Expression of SARS‐CoV‐2 cell entry factors ACE2 and TMPRSS2 in the human liver assessed by single‐cell RNA sequencing (RNASeq) and immunohistochemistry. (A) Expression t‐distributed stochastic neighbor embedding (t‐SNE) maps of ACE2 and TMPRSS2 in the nondiseased human liver. The color bar indicates log2 normalized expression (n = 10,372 cells) retrieved by data processing from the human liver cell atlas.^{( 16 )} The y‐axis shows log 2 normalized expression. (B) Violin plots of scaled gene expression data of ACE2 and TMPRSS2 in liver cell subsets of patients with and without cirrhosis from https://www.livercellatlas.mvm.ed.ac.uk/.^{( 73 )} (C) Immunohistochemistry staining of ACE2 and TMPRSS2 of nondiseased livers showing protein expression in cholangiocytes (arrows) and hepatocytes (arrowheads).

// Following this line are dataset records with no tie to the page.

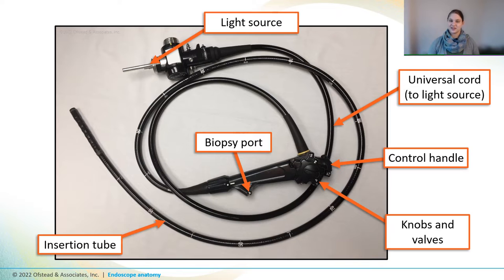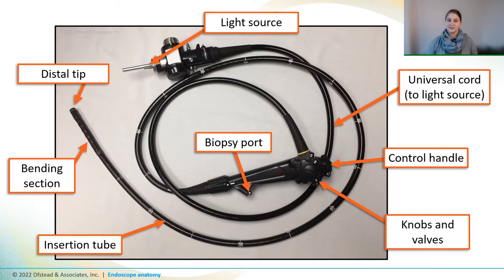Now this whole thing is actually pretty flexible, but there's a bending section on the end that is designed to be angulated right and left or up and down. And the distal tip has the lens and light sources necessary for seeing inside of patients.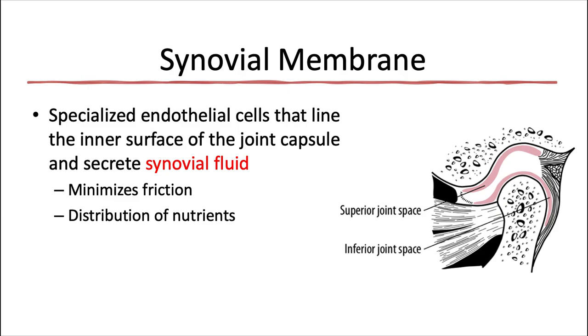The synovial membrane, also called the synovium, is composed of specialized endothelial cells that line the inner surface of the joint capsule and secrete synovial fluid. Both the superior joint space and the inferior joint space are lined by this synovium. This fluid provides lubrication to minimize friction for the joint, and it's also a medium for distribution of nutrients to provide metabolic requirements for the surrounding tissues.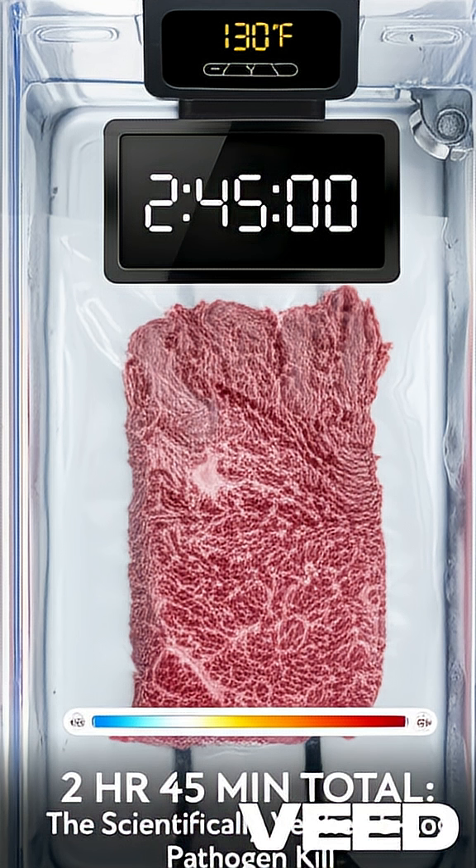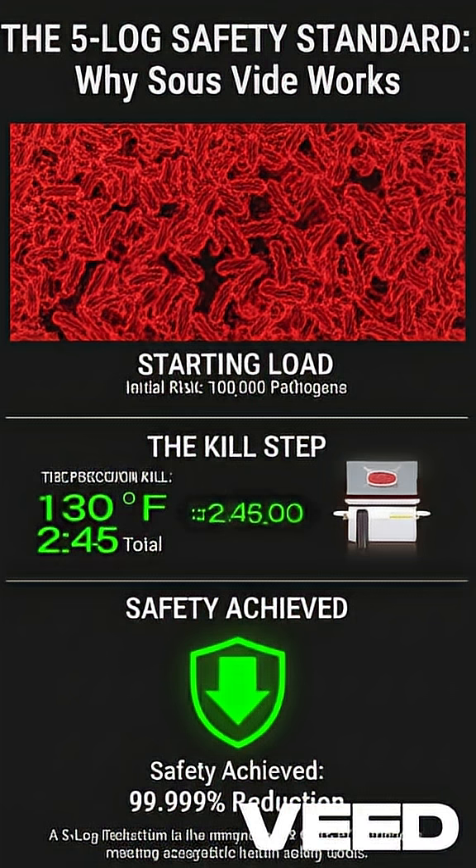Place the sealed bag of raw beef under the water and heat at 130 degrees F for 2 hours and 45 minutes total. This duration includes the necessary come-up time for the cold meat to reach temperature and is critical for a 5-log pathogen reduction.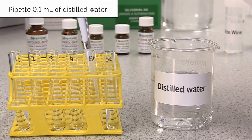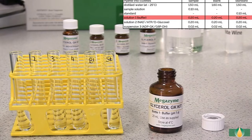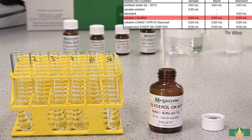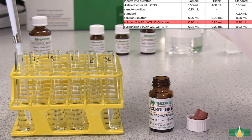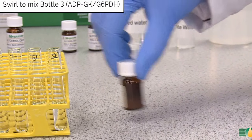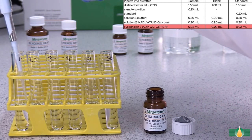Pipette 1.5 millilitres of bottle 5 kit standard into the standard assay tubes. Pipette 0.2 millilitres of solution 1 into all assay tubes. Pipette 0.2 millilitres of solution 2 into all assay tubes. Swirl to mix the contents of bottle 3 prior to dispensing, then pipette 20 microlitres of suspension 3 into all assay tubes.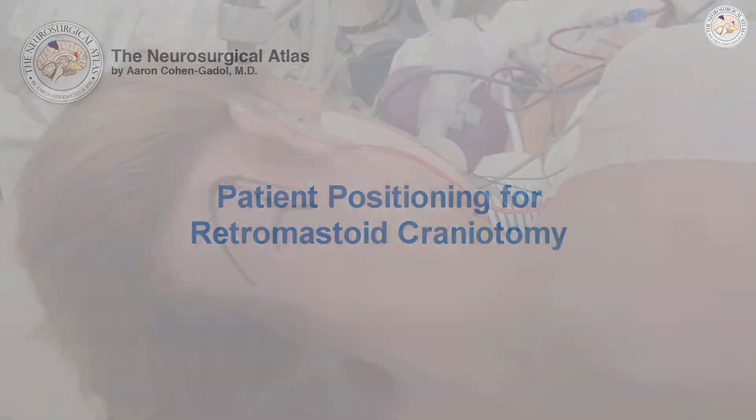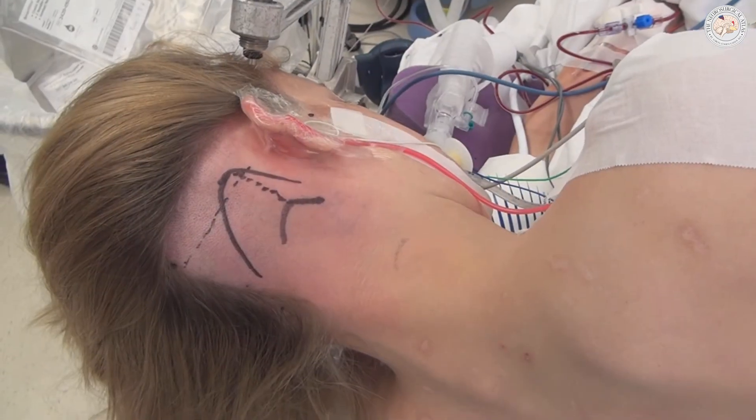I have come to like the lateral position for retromastoid craniotomy and have abandoned the use of the supine position, even for patients who are relatively thin.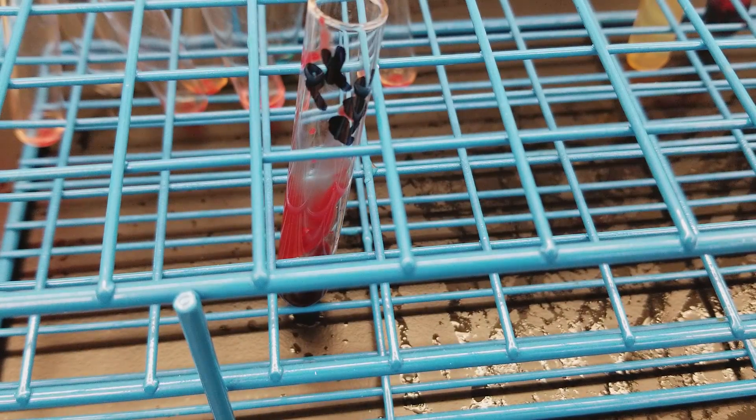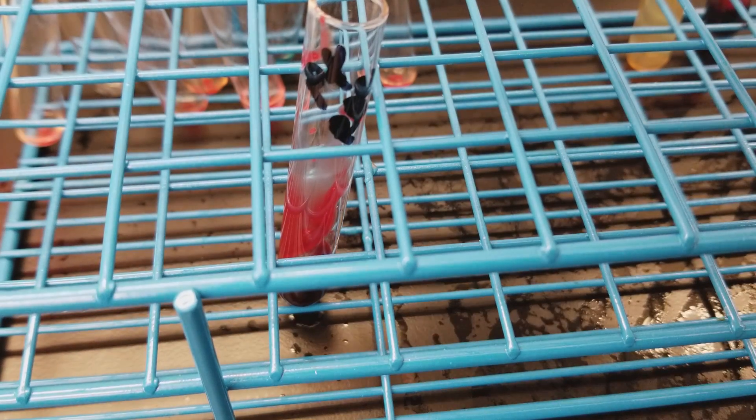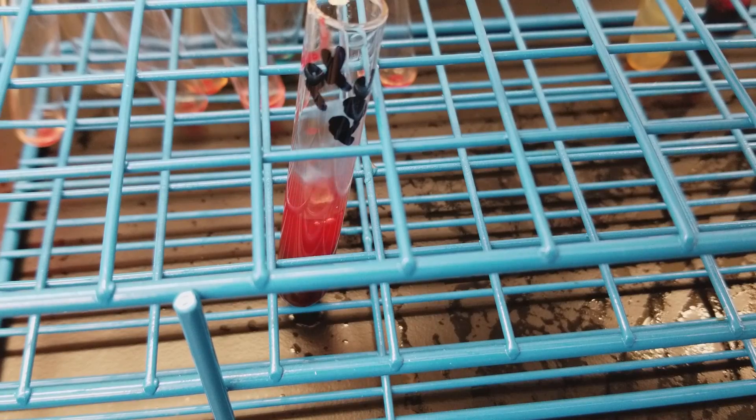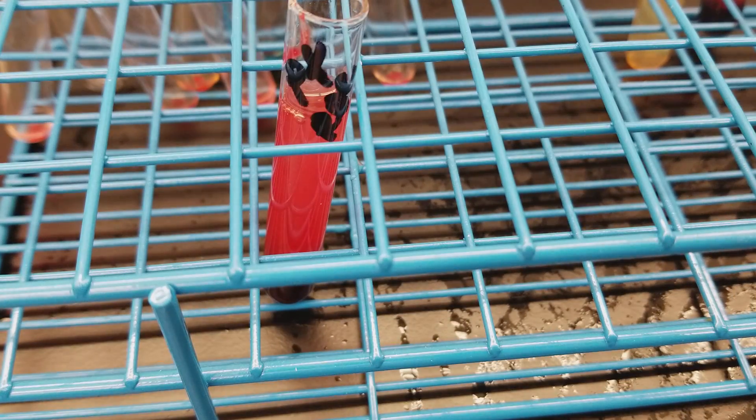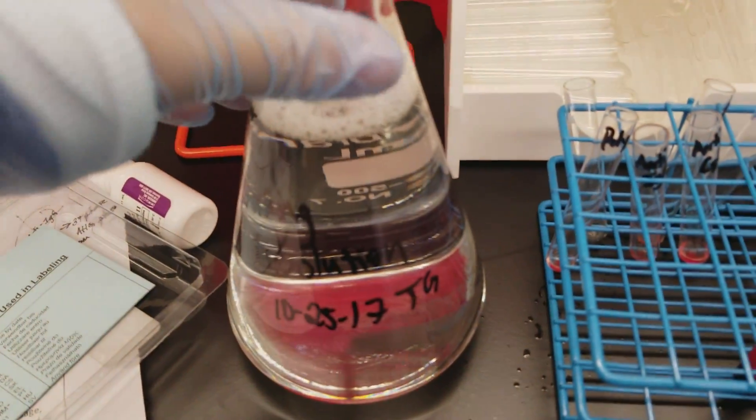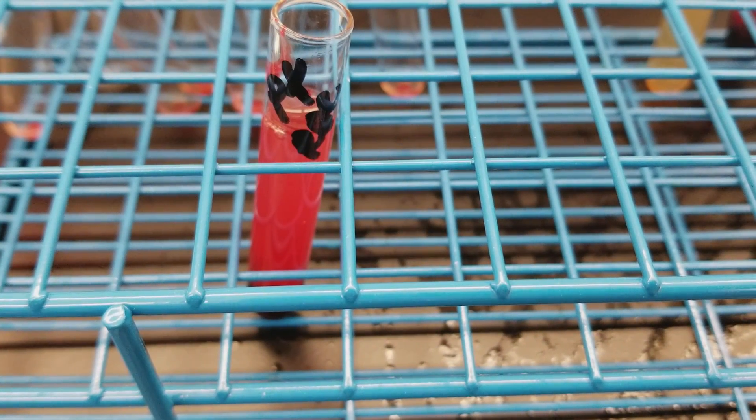Now what I'm going to do is first wash the patient red cells with saline, and then I'm going to wash them four times with the working wash solution that we prepared previously. I will put this into the serifuge and get back to you.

Data and images from https://www.proteinatlas.org/.^{( 74 )} Abbreviations: EPCAM, epithelial cell adhesion module; ILC, innate lymphoid cell; NK, natural killer cell; NKT, natural killer T cell; NP, mononuclear phagocytic cell; pDC, plasmacytoid dendritic cell.

FIG. 3

COVID‐19–related liver injury and mortality in patients who were hospitalized with and without chronic liver disease (CLD). Patients without CLD usually present with AST elevation, which correlates with ICU admission and mortality. Among patients with CLD, NAFLD has the highest risk of severe illness, ICU admission, and need for mechanical ventilation.^{( 54}, ^{56 )} Patients with cirrhosis are at risk for decompensation, and patients who are decompensated have a high risk of acute‐on‐chronic liver failure (ACLF) and mortality.^{( 46}, ⁴⁷, ⁴⁸, ^{49 )} Abbreviations: CTP, Child‐Turcotte‐Pugh; ICU, intensive care unit.

FIG. 4

Current understanding of mechanisms of liver injury in COVID‐19. Following SARS‐CoV‐2 infection of lung epithelial cells, immune cells such as T cells, macrophages, and neutrophils are recruited to the site of infection and cause local inflammation. In severe cases, local inflammation can spill over to global circulation, inducing a massive release of cytokines that can affect other organs, including the liver. Additionally, SARS‐CoV‐2 can potentially induce local inflammation in the liver, either by activating liver‐resident immune cells or by directly infecting hepatocytes and other liver cells. Mostly, COVID‐19 only results in raised aminotransferases and in some cases mild hypoalbuminemia, but in the most severe cases, it can lead to liver decompensation, which can result in potentially fatal ACLF.^{( 22}, ³⁶, ⁴⁷, ^{75 )} Abbreviations: ACLF, acute‐on‐chronic liver failure; DAMP, damage‐associated molecular pattern; IFN, interferon; PAMP, pathogen‐associated molecular pattern; TPO, thrombopoietin.